Potosi – Germinal des temps modernes

Mine "La Negra"

Mine "La Negra"

Sur la route de Sucre avec cela dit un arrêt en chemin pour visiter Potosi, plus haute ville du monde à 4,000m+ d’altitude. Célèbre pour ses mines d’argent, elle fut la ville la plus riche de tout le continent au 17e siècle et une des importantes sources de revenus pour l’Espagne. A l’époque sa population dépassait celle de Londres ou Paris pourtant déjà principaux centres névralgiques d’Europe. Avec le temps la mine s’est peu à peu tarit, abandonnant la ville à sa splendeur passée. Aujourd’hui Potosi reste une ville de taille moyenne et conserve nombre de témoignages de sa grandeur d’autrefois. Les mines quant à elles restent en exploitation pour ses minéraux, cette fois-ci gérées non pas des sociétés privées mais par un système de coopératives détenues directement par les mineurs. Il n’y donc plus d’intermédiaires et les mineurs récoltent le fruit de leur travail dans leur intégralité. Est-ce le meilleur système, difficile à dire en si peu de temps – mais le tout a l’air de fonctionner.

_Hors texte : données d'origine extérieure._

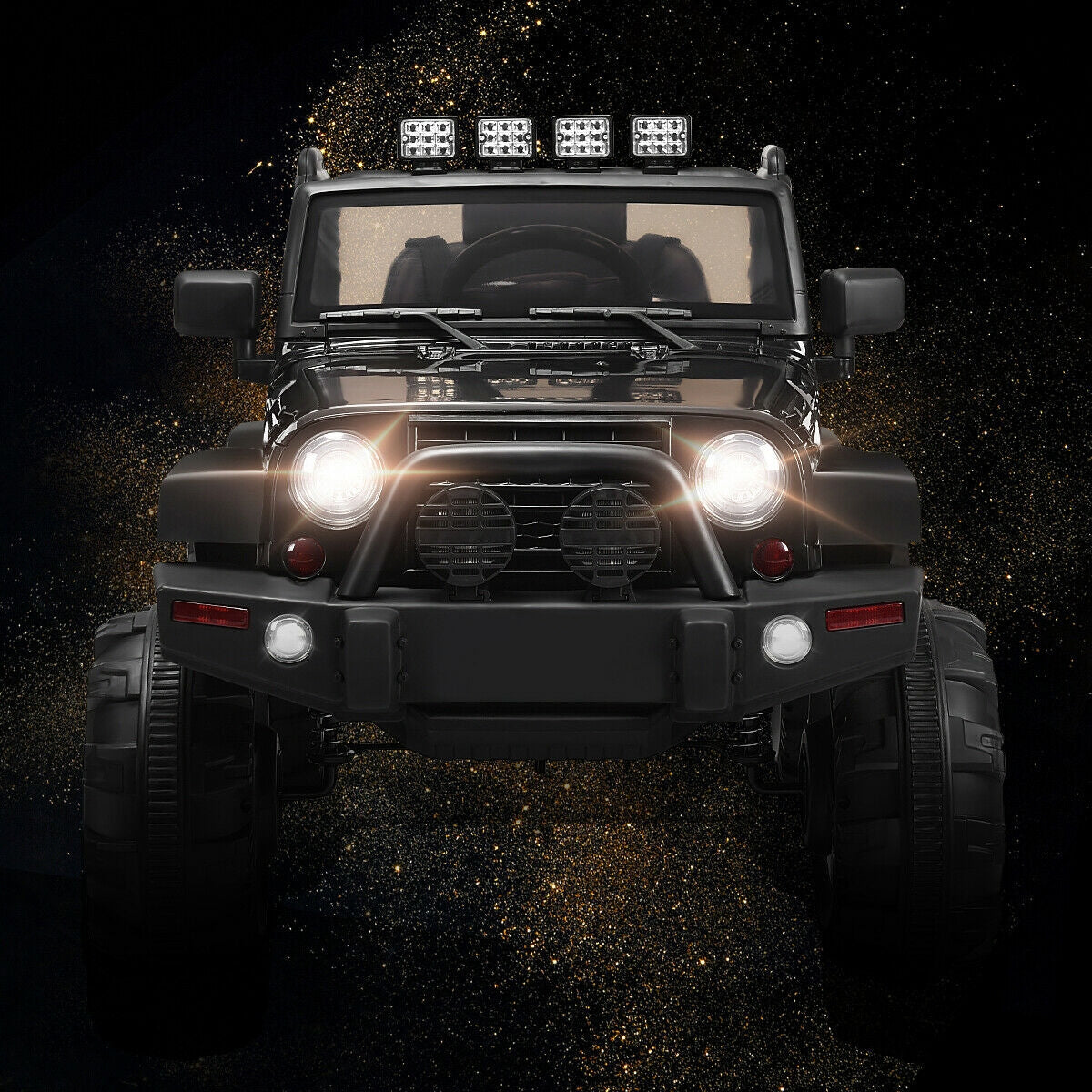 12V Kids Remote Control Riding Truck Car with LED Lights-Black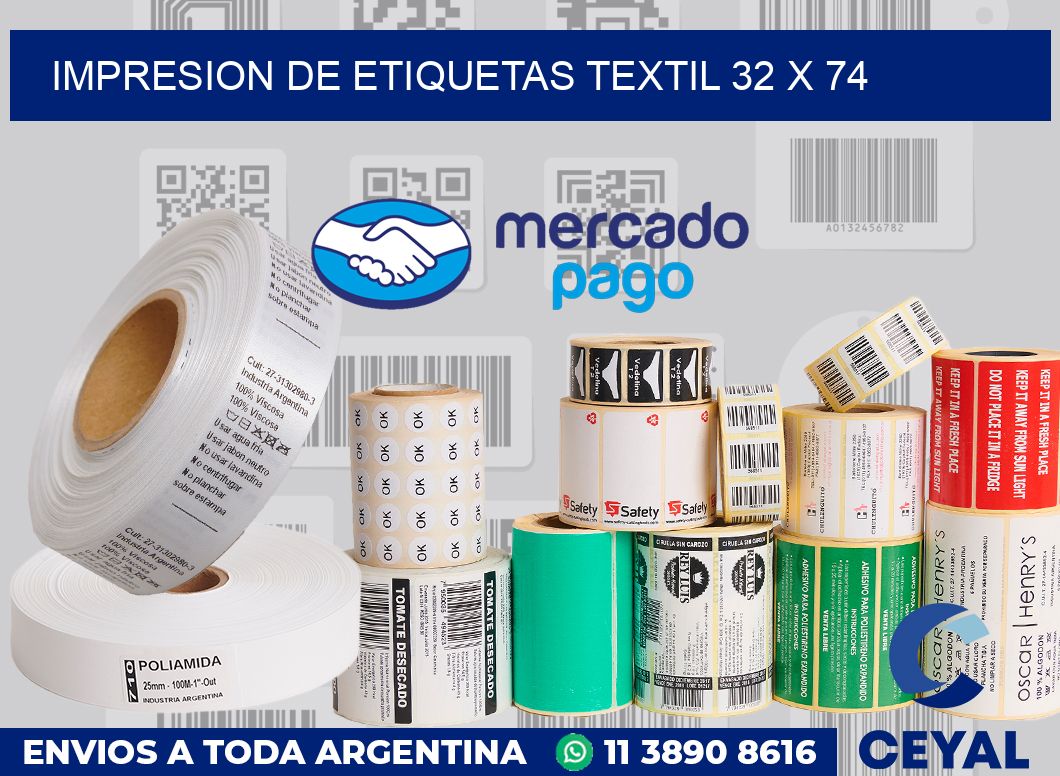 Impresion de etiquetas textil 32 x 74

La montagne abritant la mine

La montagne abritant la mine

L’histoire de la mine n’est pas brillante. L’exploitation a commencé au 16e siècle alors que les espagnols découvrent les réserves d’argent de la montagne et lancent son exploitation massive. Bien entendu le travail d’extraction (complètement manuel) sera l’exclusivité des indigènes locaux et esclaves noirs venus d’Afrique, bien que ces derniers ne soient pas taillés pour la rudesse des conditions de travail (surtout dut à l’altitude et les problèmes de respiration). Inutile de préciser que des millions de personnes y laisseront leur vie au fil des siècles, alors que les colons s’enrichiront à outrance. Juste une injustice de plus… Bref l’histoire de la mine est profondément entachée du sang de ses victimes, en même temps qu’elle a fasciné les hommes des siècles durant.

"Tio"

"Tio"

Alors qu’à l’époque la religion imposée (et respectée par les locaux) était le christianisme, les mineurs avaient leur propre dieu – Tio (un dieu unique, chose rare pour les indigènes qui à l’origine avaient nombre de dieux tels la terre, le soleil, etc.). Autrement dit le diable. Ils ne vénéraient ce dieu qu’une fois entrés dans la mine. Dès la sortie, ils revenaient aux croyances « publiques ». Cela est toujours vrai, et une journée à la mine commence par un passage à la statue de Tio et par une série d’offrande destinées à le calmer et assurer la sécurité des mineurs. Il est donc aspergé d’alcool à 95%, on lui colle quelques feuilles de coca, et on lui glisse dans le bec une cigarette allumée. A se demander s’ils n’essaient pas de l’achever… Cette tradition prévaut toujours aujourd’hui et notre guide, ancien mineur, n’y coupera pas.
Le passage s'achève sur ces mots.